Mr. Chatterjee's speech was interrupted many times by the sound of antelopes thundering by, which turned out to be people thumping their palms on their desks. This seems to be a local version of applause, a fact that became apparent as the camera panned the audience, and HOLY COW, wait a minute -- everybody's wearing all white, head to toe! This is like a convention of Good Humor men. So, Mr. Chatterjee might not be that sick, after all.

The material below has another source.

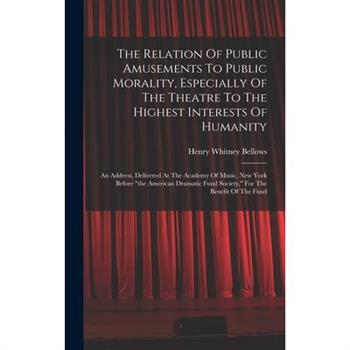 The Relation Of Public Amusements To Public Morality, Especially Of The Theatre To The Highest Interests Of Humanity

Mr. Chatterjee said that Dr. Haminahamina is known for his "sagacity" and his "compassion" and for his policies about "comic elopement," which, this reporter eventually discovered is "economic development," pronounced all singsongy, with peculiar vowel stresses: "e-CON-omic devel-OPE-ment." I swear. This guy Chatterjee is a hoot.
After Mr. Chatterjee spoke, Dr. Haminahamina took the floor, and what followed was very embarrassing indeed. The beloved Dr. Haminahamina is quite old and apparently senile, because, right away, he began to babble unintelligibly, and everyone started laughing at him! Finally, this reporter determined that Dr. Haminahamina was actually speaking another language altogether, and was apparently making some very good jokes. One of them sounded something like, "Ellam koo vena kam!" It killed.

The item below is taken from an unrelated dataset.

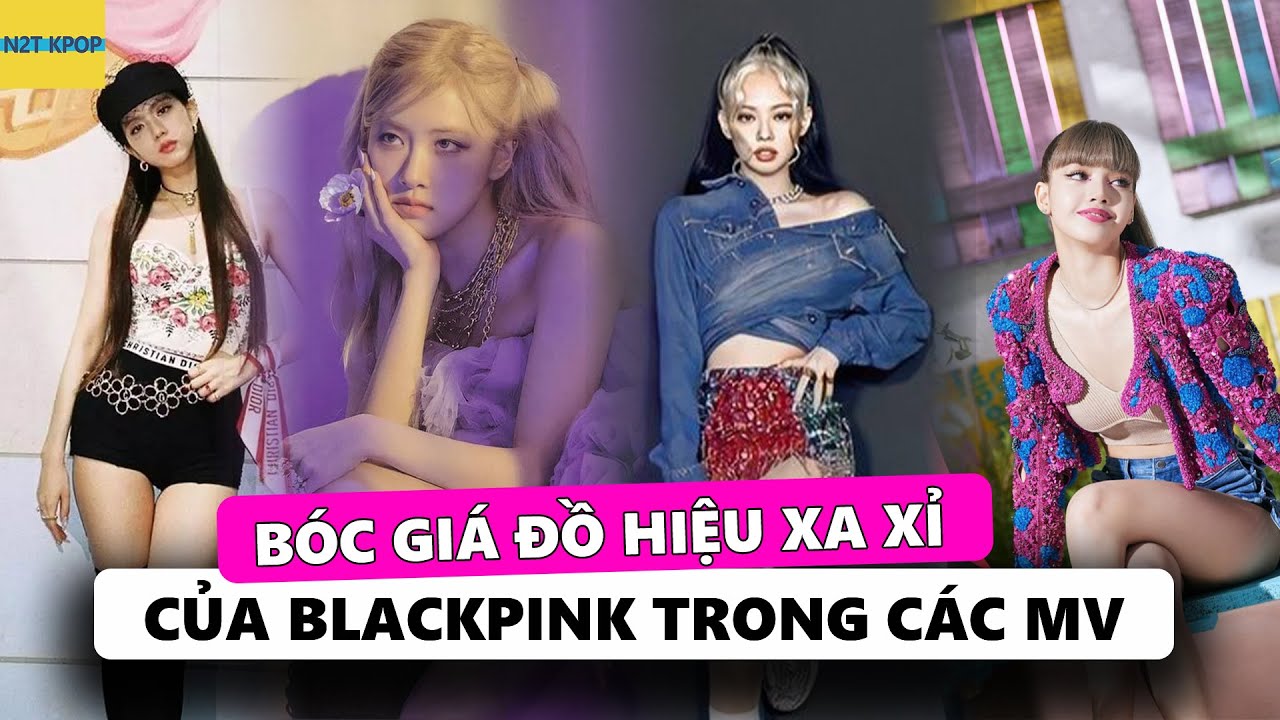 Bóc giá đồ hiệu xa xỉ của Blackpink trong các MV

It was not immediately evident what Dr. Haminahamina's points were, but he yammered on for quite a while, through many fast-forwards, until, finally, he stopped, and the desk-thumping resumed. Another guy in white arrived with an enormous colorful silk tablecloth. An apparently horrified Mr. Chatterjee put his palms together in prayer and bowed his head meekly, but it was to no avail, as the tablecloth was draped over him, anyway.
Suddenly, everyone fell silent. The room filled with the sound of Alvin and the Chipmunks, who are evidently big here. Wait. This reporter's wife just said it was a recording of some sort of anthem, which I concede is also possible.
Next week: The Wuhan province in China issues its quarterly agricultural report. My fee is negotiable in U.S. dollars or yuan.
* The cartoon says, in Hindi, "American idiot writer Mr. Weingarten makes stereotypes again in the newspaper."